▸ **Work task**
Please retype the listing below word for word and exclude its images.

▸ **Data section**
····················
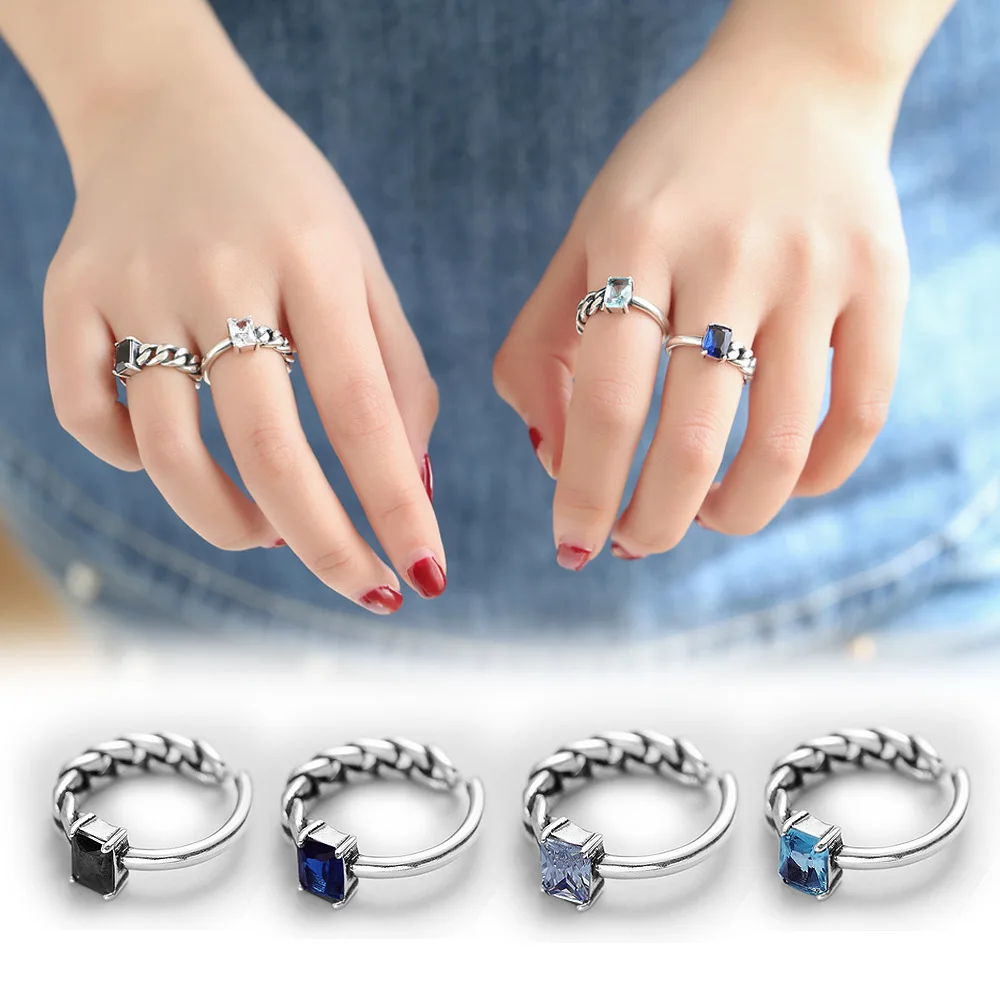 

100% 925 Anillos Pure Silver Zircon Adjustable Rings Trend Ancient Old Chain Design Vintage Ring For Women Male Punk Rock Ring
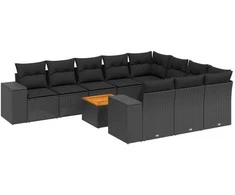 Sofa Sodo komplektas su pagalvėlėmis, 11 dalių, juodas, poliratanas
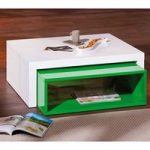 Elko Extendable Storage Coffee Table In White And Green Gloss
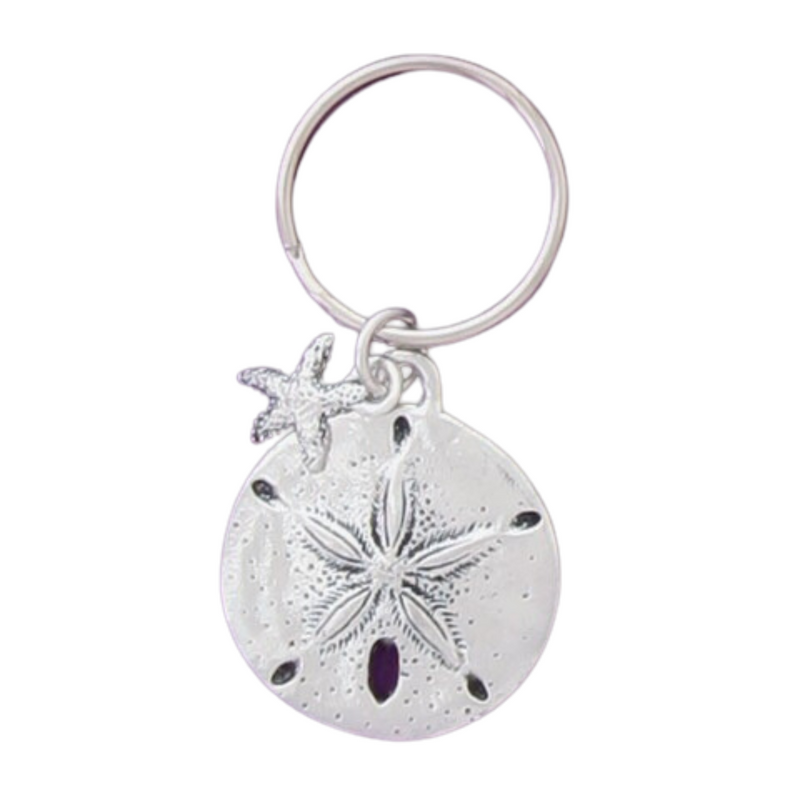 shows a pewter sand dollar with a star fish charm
····················
▸ **Finished exercise**
100% 925 Anillos Pure Silver Zircon Adjustable Rings Trend Ancient Old Chain Design Vintage Ring For Women Male Punk Rock Ring
 Sofa Sodo komplektas su pagalvėlėmis, 11 dalių, juodas, poliratanas
 Elko Extendable Storage Coffee Table In White And Green Gloss
 shows a pewter sand dollar with a star fish charm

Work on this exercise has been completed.